Sunday, November 9, 2014

Learning with an Attitude Connections

In Patrick J. Finn’s piece Literacy with an Attitude; he speaks about powerful literacy and what it entails. He talks about how the lower class and even some of the middle class are being taught functional literacy, which was based around compliance. Where as powerful literacy, encouraged critical thinking about complex ideas.
As I read Finn’s piece I felt that it really connected well to Delpit. I thought that it really tied into the “Tweet” assignment from class the other day. In my tweet I wrote, “The culture of power should be taught not protected. The struggle of kids outside it, are at a disadvantage.” Delpit wanted the culture of power to be taught to everyone. And that it was the teachers job to teach the codes of power to children who don’t learn them at home. As I was reading I ran across a quote that ties them together nicely and actually connects well to an experience I had in my service learning. “I didn't say to an errant student, 'What are you doing?' I said, 'Stop that and get to work.' No discussions. No openings for an argument.” Like Delpit talks about, how teachers should not be asking questions while talking to a child rather then being direct and explicated on what you want them to do.

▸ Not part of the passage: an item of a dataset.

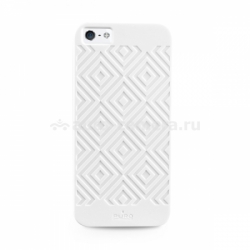 Силиконовый чехол на заднюю крышку iPhone 5 / 5S PURO Easy Chic Geometric Rhomby Cover, цвет white (IPC5GEO3WHI)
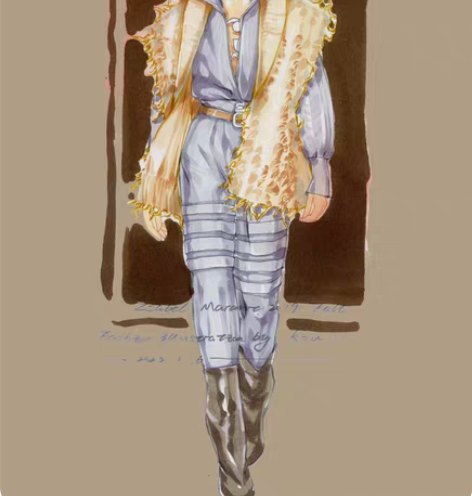 服装设计效果图 马克笔手绘，可设计￥300...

That quote ties into my experience at my service learning where a second grade student in the class I am placed in was trying very hard to hug me and I stopped him and told him “ No, I can not hug you. It is against the rules. If you want we could high five?” leaving no room for an argument and telling the student to rules and that he had to follow them. Overall I enjoyed the reading this week and felt that Patrick Finn’s piece really connected well to Lisa Delpit.
This week I added a Hyperlink to a website that has some information about Patrick Finn and some of his other works.


  1. Great response. I used it for extended comments. Enjoyed the connection to Delpit.

  2. I loved how you wrote about what happened at your Service Learning. I think it was a great way to tie in the arguments that both authors make. Great job!